PROBLEM TO WORK ON: Transcribe word for word the section of the records below that opens with the line containing "s.Oliver Pullover aus" and closes with the line containing "Bench Scraper, Stainless"; drop every picture.

EXTRACTED MATERIAL:

-*-*-

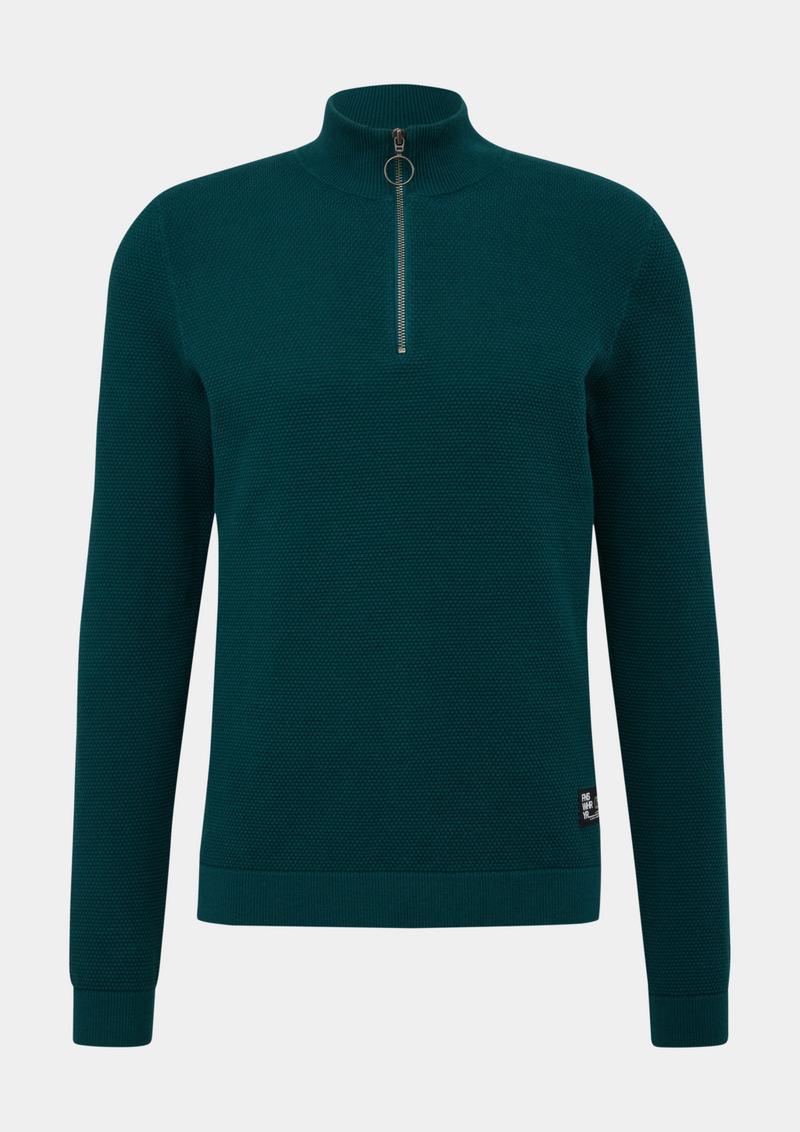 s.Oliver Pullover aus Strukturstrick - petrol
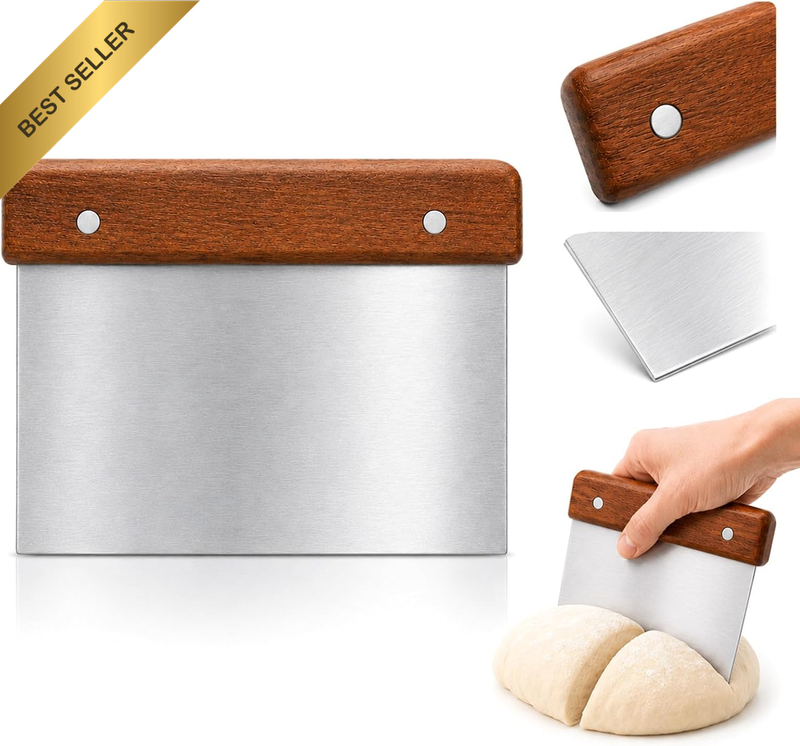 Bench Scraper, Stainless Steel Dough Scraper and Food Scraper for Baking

-*-*-

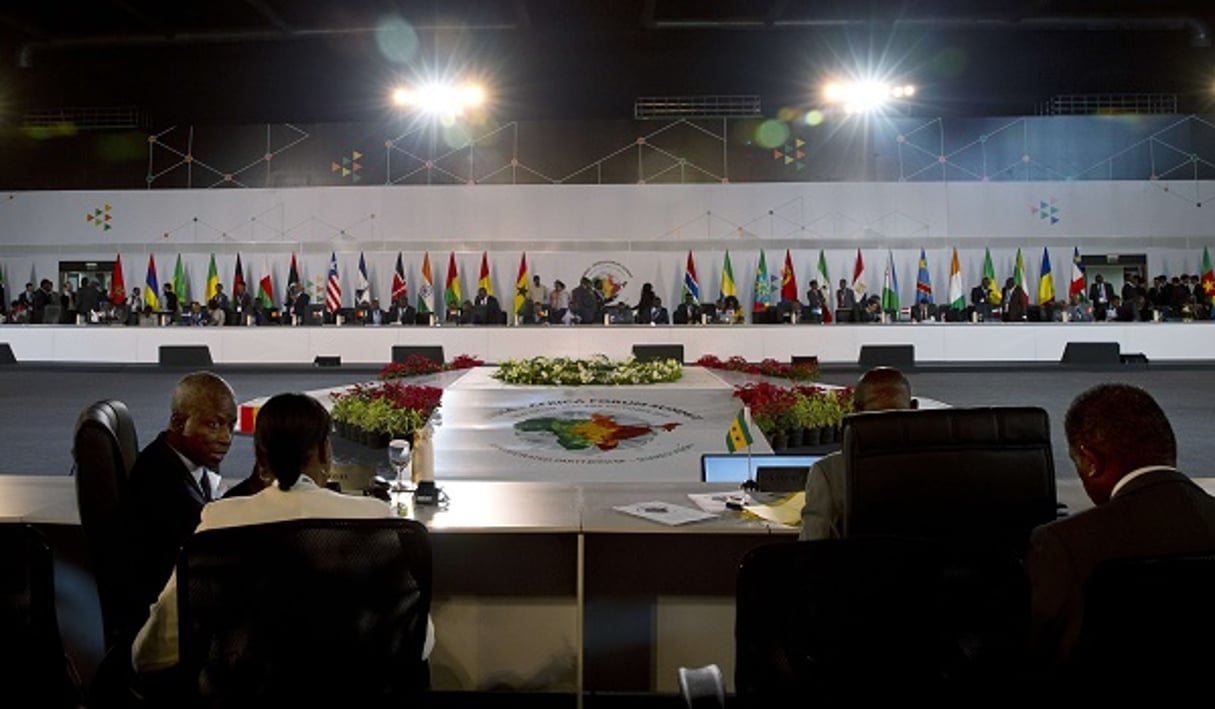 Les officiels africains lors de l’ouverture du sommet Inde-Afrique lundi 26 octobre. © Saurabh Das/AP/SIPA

-*-*-

EXPECTED OUTPUT:
 s.Oliver Pullover aus Strukturstrick - petrol
 Bench Scraper, Stainless Steel Dough Scraper and Food Scraper for Baking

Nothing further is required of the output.